「大金でも一時の喜びを得るのは難しく、たった一杯の飯が一生分の感動を与えることもある。
あるいは愛が重すぎて仇となることもあれば、薄情さも極まれば喜びをなすことがある」
・プラスなことがあることがいい結果をもたらすのではないと。そう単純ではない。プラスなものが全然ないような状態、いっそマイナスだらけの時にある少しのプラスが極上のプラスになる時もある。
「愛」というと「愛情」とかの感じが先に来そうですが、この愛というのは「愛惜」とかの方が近そうです。「惜しむ」というニュアンスが近いんじゃないかなと。モノを大切にするとか、相手を大切にするとかの方が原義には近いんじゃないでしょうかね。それが恐らく西洋の「love」に相当するものと≒として「愛」とか「愛情」になったんじゃないかなと。だからそう思うとこの「愛」というのはやや広義な気がします。

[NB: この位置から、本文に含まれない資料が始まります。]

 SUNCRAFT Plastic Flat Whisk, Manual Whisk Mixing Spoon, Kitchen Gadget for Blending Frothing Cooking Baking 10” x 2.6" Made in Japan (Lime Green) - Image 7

・諸葛亮の弟子に馬謖(ばしょく)という男がいました。
「泣いて馬謖を切る」で切られたあの馬謖ですね。
馬謖
「馬氏の五常、白眉最も良し」
と言われたりしますが、この馬謖の兄が馬良(ばりょう)といい、最も優れているということで評判でしたが夷陵の戦いにおいて戦死したようです。40にいかないくらいの年齢ですね。このことは、いかに蜀が夷陵の戦いにおいて惨敗したかが分かる話の一つだと思われます。有力でまだ若い蜀の将兵が陸遜の火計によっていかに徹底的に打ち破られたか。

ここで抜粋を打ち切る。